21 мая 1527 года у Карла V родился сын Филипп, и торжества по поводу этого события устраивались не только в Вальядолиде, но и по всей Испании. Императору пришлось спешно отозвать войска, которые только что захватили Рим и теперь осаждали Климента VII в замке Святого Ангела. В момент рождения наследника ландскнехты-лютеране, добрые солдаты Его Величества, орали на римских площадях: «Виват папа Лютер!» Эти демоны в одеждах осиной раскраски подожгли город, грабили, насиловали женщин на улицах и в монастырях, убивали просто ради смеха, водружали себе на головы митры, выбрасывали в Тибр священные реликвии и Святые Дары. Они выцарапывали кинжалами поперек фресок Рафаэля надпись: «Вавилонская блудница». Они обрядили в ландскнехтский наряд статую Христа с одного из алтарей храма Святого Петра. Они расстреливали из аркебуз распятия. Они зарезали священника, который отказался дать облатку ослу. А между тем всего тремя годами ранее папа короновал Карла в Болонье — с пышностью, которая была так характерна для того века.
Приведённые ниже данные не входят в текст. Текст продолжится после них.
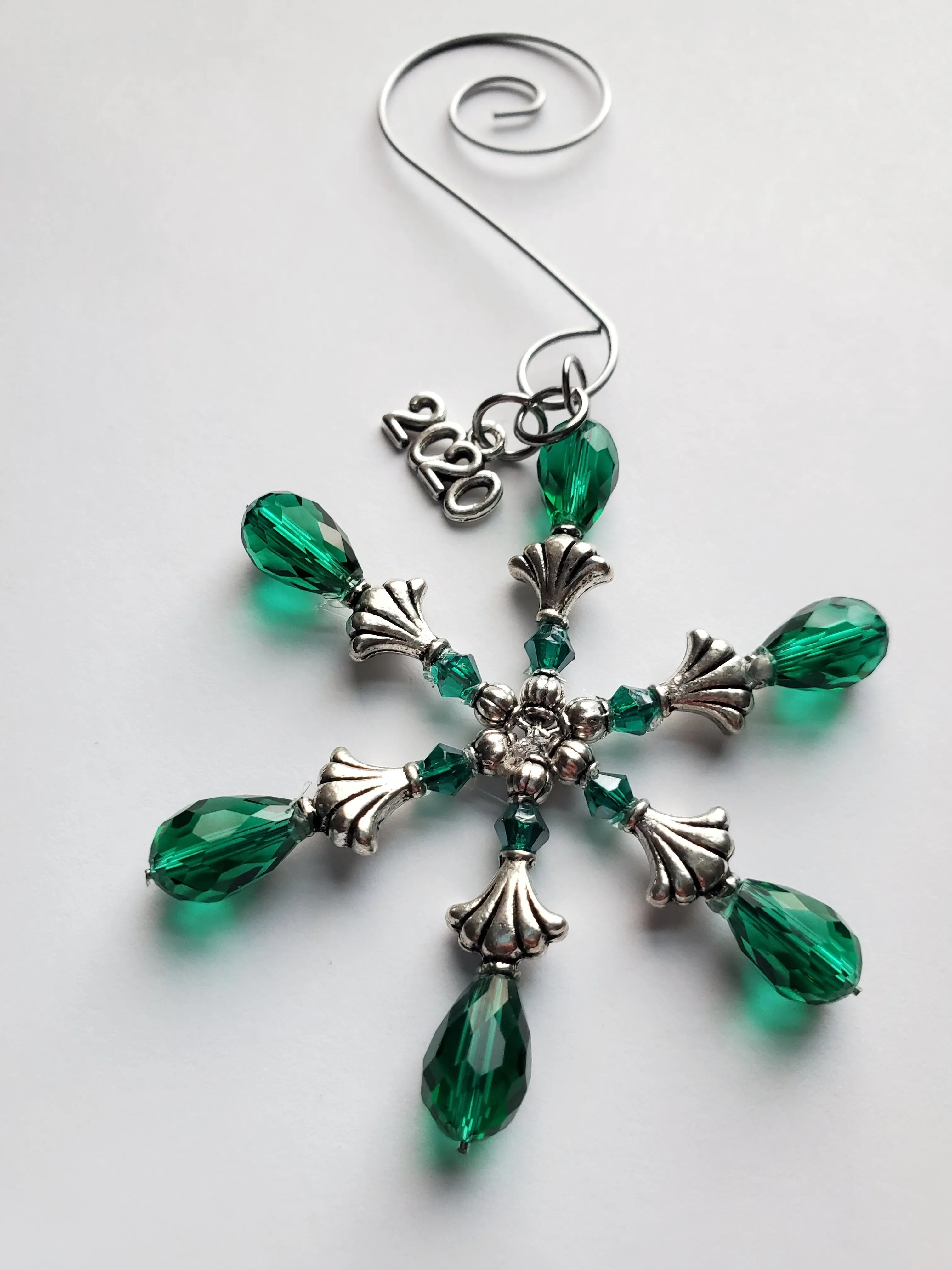 Emerald Green Crystal Snowflake Ornament Handmade Gift Stocking Stuffer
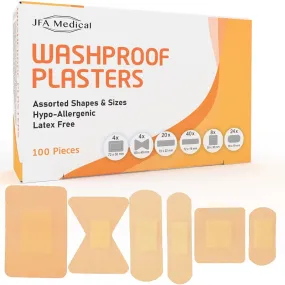 JFA Washproof Assorted Plasters x 100 (6 Sizes)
Карл Габсбургский, внук Максимилиана Австрийского и правнук бургундского герцога Карла Смелого, родился в Тенте и был ровесником века. По праву наследования он стал сначала владыкой Нидерландов, а потом — и Испании. Банкиры Фуггеры оплатили его избрание в императоры и помогли обойти другого претендента — короля Франции. Он превосходил могуществом Карла Великого, Александра, Цезаря. Ему предстояло стать защитником христианства, сокрушить турок и еретиков, утвердить католическую веру в Новом Свете, завоевание которого еще не было завершено. Он выбрал своим девизом слова: «Еще дальше, вперед». И любил повторять: «В моей империи никогда не заходит солнце». Девиз и изречение, достойные царя Вавилона.
Таков был мир, в котором родился Брейгель.[3]
Брейгель не оставил портретов ни своей жены, ни детей, ни друзей. Полагают, что он иногда изображал себя среди собственных персонажей — однако никаких подтверждений тому нет. Его портреты, выгравированные его друзьями, не имеют сходства между собой. Мне бы очень хотелось верить, что именно он изображен на воспроизведенном здесь рисунке, выполненном пером: пожилой художник, растрепанные волосы под фетровым беретом, кустистые брови, горький и серьезный взгляд; похож на да Винчи, но живущего вдали от мира.[4] Однако, вне всякого сомнения, перед нами — собирательный образ Художника, которому докучает глупый Заказчик. Если бы Брейгель, вместо того чтобы рисовать, писал комедии или драмы, их авторство приписали бы другим драматургам, настолько мало он оставил следов своей жизни. По сути — никаких, кроме картин. О Брейгеле мы знаем так же мало, как о Шекспире.
Те страницы, которые Карел ван Мандер — фламандский Вазари — посвятил Брейгелю, скорее легендарны, чем историчны. В момент смерти художника Питеру, старшему из его сыновей, не было и пяти лет, а младшему, Яну, — полутора. Их мать умерла через девять лет, в 1578 году. А ван Мандер опубликовал свои «Жизнеописания самых знаменитых живописцев Нидерландов» в 1604-м. Вряд ли он лично был знаком с Брейгелем. Откуда же он черпал свои сведения? Несомненно, от художников, знавших Брейгеля. И еще, может быть, от Ганса Франкерта, нюрнбергского купца, «мужественного и превосходного человека, который очень любил проводить время с Брейгелем и каждодневно видел его». Отталкиваясь от немногих известных фактов и размышляя над картинами, которые знал, ван Мандер измыслил правдоподобное жизнеописание.
Одна гравюра Брейгеля называется Elck — «Всякий». Рассматривая ее, мы понимаем, что всякий человек на земле не знает себя, но пытается узнать. Человек, который, подобно Брейгелю, смотрит на море, на огонь, на смену времен года, удивляясь тому, что живет и должен умереть, — это, по сути, любой, не важно какой человек. Дать ему конкретное имя — не значит солгать. Почти всегда читатель сможет легко отличить то, что я измыслил, от того, что знаю наверняка. Я старался не злоупотреблять романтическими подробностями — из уважения к моему персонажу. Я давал волю своим грезам. Но лишь с большими колебаниями отваживался ступить на тайные тропы, подобные той, что ведет к светящейся липе в ночном лесу Соань, под которой ищущие уединения впервые встречались со своим просветленным духовным наставником. И все же, на основании некоего знака, который кажется мне сверхъестественным, я полагаю, что даже самые вольные мои фантазии получили одобрение незримых сил.